After another spectacular year of British sport, the BBC have finally announced their nominees for the Sports Personality of the Year Award. Unsurprisingly, after becoming the first country to ever improve on home games, most of those on the list competed in Brazil over the summer.
The bookies’ favourite to win — a record third title — is Andy Murray. Murray won Wimbledon for the second time in July, and followed this up by retaining his Olympic gold medal and then becoming Britain’s first ever ATP world number one.
Triathlete Alistair Brownlee and distance runner Mo Farah are also fancied as favourites by the bookmakers.
Manchester-based cyclists Laura and Jason Kenny have also been nominated, and both will be hoping to be the third cyclist in six years to win the award.
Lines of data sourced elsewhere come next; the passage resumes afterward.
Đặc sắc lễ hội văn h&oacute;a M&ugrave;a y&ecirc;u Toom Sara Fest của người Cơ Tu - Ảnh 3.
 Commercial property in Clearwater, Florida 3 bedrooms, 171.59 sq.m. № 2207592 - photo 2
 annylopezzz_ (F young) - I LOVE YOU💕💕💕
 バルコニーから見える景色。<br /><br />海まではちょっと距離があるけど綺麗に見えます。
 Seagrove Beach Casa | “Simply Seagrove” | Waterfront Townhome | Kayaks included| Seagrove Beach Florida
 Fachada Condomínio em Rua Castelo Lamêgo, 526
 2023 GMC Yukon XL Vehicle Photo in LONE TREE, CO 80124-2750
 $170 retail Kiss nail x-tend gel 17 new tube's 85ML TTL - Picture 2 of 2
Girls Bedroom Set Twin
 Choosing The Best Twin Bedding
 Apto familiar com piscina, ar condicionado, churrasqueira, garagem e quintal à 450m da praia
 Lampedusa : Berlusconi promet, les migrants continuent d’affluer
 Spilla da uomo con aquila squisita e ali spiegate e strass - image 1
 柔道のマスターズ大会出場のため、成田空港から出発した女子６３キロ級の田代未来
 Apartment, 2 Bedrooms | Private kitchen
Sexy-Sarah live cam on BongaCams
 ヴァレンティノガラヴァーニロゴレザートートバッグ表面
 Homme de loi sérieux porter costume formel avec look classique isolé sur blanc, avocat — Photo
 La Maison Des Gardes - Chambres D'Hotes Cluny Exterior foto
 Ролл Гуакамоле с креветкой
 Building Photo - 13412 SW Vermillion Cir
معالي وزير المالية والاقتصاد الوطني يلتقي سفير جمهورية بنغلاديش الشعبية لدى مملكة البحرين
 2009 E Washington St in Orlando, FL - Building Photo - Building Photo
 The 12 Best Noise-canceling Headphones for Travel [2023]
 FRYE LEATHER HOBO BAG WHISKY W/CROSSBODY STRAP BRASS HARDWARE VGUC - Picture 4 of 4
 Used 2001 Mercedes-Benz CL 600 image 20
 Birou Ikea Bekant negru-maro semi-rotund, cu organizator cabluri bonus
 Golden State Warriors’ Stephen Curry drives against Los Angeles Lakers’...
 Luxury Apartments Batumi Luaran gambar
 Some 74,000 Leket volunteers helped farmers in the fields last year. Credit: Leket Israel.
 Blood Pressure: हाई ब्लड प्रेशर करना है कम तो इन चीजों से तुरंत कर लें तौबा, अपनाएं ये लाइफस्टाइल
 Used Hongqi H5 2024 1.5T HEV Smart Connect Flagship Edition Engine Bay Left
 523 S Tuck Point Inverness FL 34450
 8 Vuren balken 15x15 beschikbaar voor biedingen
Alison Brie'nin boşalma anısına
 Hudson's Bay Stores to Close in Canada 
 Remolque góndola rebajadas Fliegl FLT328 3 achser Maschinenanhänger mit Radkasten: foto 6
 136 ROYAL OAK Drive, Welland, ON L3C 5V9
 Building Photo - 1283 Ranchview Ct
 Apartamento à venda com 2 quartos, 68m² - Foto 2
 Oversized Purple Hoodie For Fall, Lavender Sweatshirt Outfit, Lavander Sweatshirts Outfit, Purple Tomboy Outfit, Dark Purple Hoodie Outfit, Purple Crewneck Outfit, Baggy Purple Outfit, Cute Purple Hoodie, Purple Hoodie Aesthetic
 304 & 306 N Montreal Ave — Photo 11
Jason equalled the British record for career gold medals, and Laura became Britain’s most decorated British female Olympian.
The only two nominees not to have competed in Brazil over the summer are the footballers Gareth Bale and Jamie Vardy, for their efforts in Euro 2016 and the Premier League respectively.
The three Paralympians on the list — the same number as in 2012 — are Sophie Christiansen, Kadeena Cox and Dame Sarah Storey, the latter of whom became Britain’s most successful female Paralympian this year.
An impromptu (and thoroughly unscientific) straw poll of the Mancunion Sport team showed Murray to be the clear favourite, with Jamie Vardy a distant second. Though if anything, the British public have proved with their choices for the names arctic research vessels, among other things, that they must never be underestimated in their ability to defy all expectations with a free vote.
This year’s shortlist also shows the contrast between British sport now, compared with twenty years ago.
In 1997 — also the year in which lottery funding was extended to professional sport — the winner was Greg Rusedski, whose highlight of the year was finishing as runner up at the US Open. It is not unreasonable to suggest that this would not even have qualified him for the shortlist this year.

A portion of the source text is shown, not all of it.